Re: Creating an MIT style keytab for an existing Windows AD member computer

[Nicolas Williams]

On Wed, Jul 23, 2008 at 05:55:20PM -0700, Russ Allbery wrote:
> Nicolas Williams <[EMAIL PROTECTED]> writes:
> > On Wed, Jul 23, 2008 at 02:01:43PM -0400, Michael B Allen wrote:
> 
> >> Extracting the keys from AD is not possible [1].
> 
> > Nor ist it possible to extract them from MIT krb5 KDCs.
> 
> It is as of 1.6 using kadmin.local (not that this changes the rest of your
> point).

Right, it doesn't -- running kadmin.local on the KDC with sufficient
privilege qualifies as "privileged access to a KDC" :)

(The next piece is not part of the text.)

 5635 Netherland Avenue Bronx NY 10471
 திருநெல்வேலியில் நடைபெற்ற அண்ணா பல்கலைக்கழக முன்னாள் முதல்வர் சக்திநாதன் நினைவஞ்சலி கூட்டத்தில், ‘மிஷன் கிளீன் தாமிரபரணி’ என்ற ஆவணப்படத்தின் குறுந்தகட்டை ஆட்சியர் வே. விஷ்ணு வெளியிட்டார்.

Kerberos mailing list   Kerberos@mit.edu
https://mailman.mit.edu/mailman/listinfo/kerberos

Re: Creating an MIT style keytab for an existing Windows AD member computer

[Russ Allbery]

Nicolas Williams <[EMAIL PROTECTED]> writes:
> On Wed, Jul 23, 2008 at 02:01:43PM -0400, Michael B Allen wrote:

>> Extracting the keys from AD is not possible [1].

> Nor ist it possible to extract them from MIT krb5 KDCs.

It is as of 1.6 using kadmin.local (not that this changes the rest of your
point).

-- 
Russ Allbery ([EMAIL PROTECTED]) 

Kerberos mailing list   Kerberos@mit.edu
https://mailman.mit.edu/mailman/listinfo/kerberos

Re: Creating an MIT style keytab for an existing Windows AD member computer

[Nicolas Williams]

On Wed, Jul 23, 2008 at 02:01:43PM -0400, Michael B Allen wrote:
> Extracting the keys from AD is not possible [1].

Nor ist it possible to extract them from MIT krb5 KDCs.

> However, the ktpass utility from MS can set the password, generate the
> corresponding key separately and put it into a keytab file.

You can build keytabs directly on MIT krb5 systems using the MIT krb5
API, or even interactively with kpasswd and ktutil (an early version of
adjoin [see below] did just that).

Or you could probably just use or adapt Sun's adjoin/ksetpw tools to
your purposes:

http://www.sun.com/bigadmin/features/articles/kerberos_s10.jsp
http://www.sun.com/bigadmin/features/articles/kerberos_s10.pdf
http://opensolaris.org/os/project/winchester/files/adjoin-s10u4.tar.gz
http://opensolaris.org/os/project/winchester/files/adjoin-s10u5.tar.gz

> Note that you must have at least account operator privilege to set a
> password in AD.

Indeed.

> Mike
> 
> [1] There is a freeware utility called ktexport that can extract the
> keys from a DC and dump them into a keytab but it is only (sometimes)
> useful for debugging purposes with WireShark. The resulting keytab is
> not valid for use with any kind of service.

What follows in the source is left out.